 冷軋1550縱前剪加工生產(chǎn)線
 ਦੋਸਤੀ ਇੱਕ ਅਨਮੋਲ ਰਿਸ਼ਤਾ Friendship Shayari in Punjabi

* * *

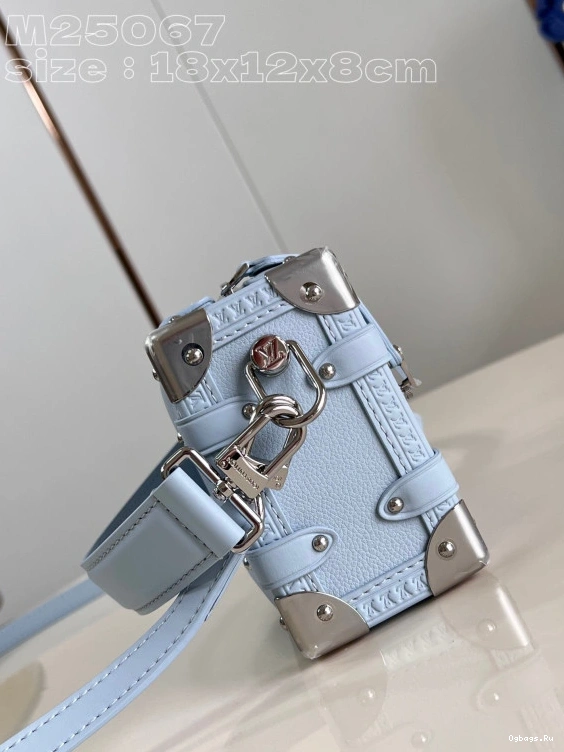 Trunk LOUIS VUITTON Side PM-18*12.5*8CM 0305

...

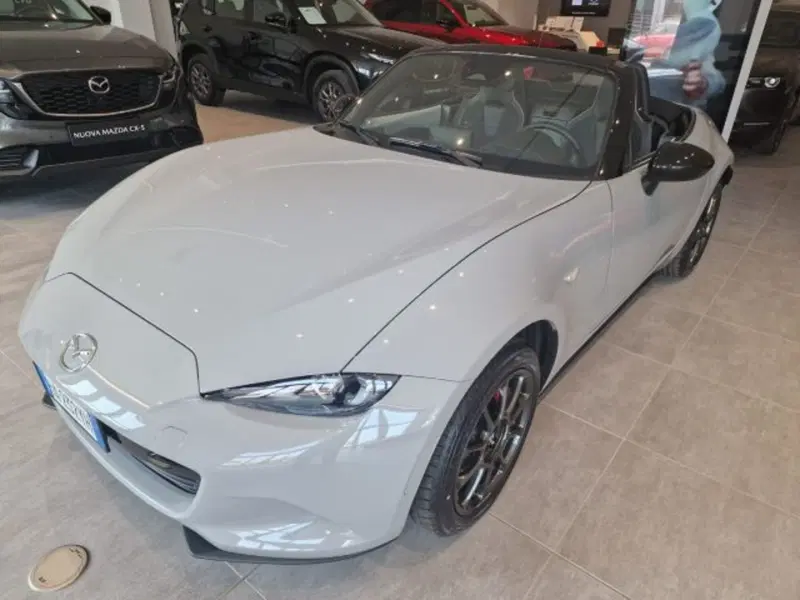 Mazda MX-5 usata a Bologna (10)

§ About this task: Going back to the entries above, set down exactly the lines that begin at the one with "冷軋1550縱前剪加工生產(chǎn)線" and end at the one with "ਦੋਸਤੀ ਇੱਕ ਅਨਮੋਲ", both included, and nothing else.

§ Answer below:
 冷軋1550縱前剪加工生產(chǎn)線
 ਦੋਸਤੀ ਇੱਕ ਅਨਮੋਲ ਰਿਸ਼ਤਾ Friendship Shayari in Punjabi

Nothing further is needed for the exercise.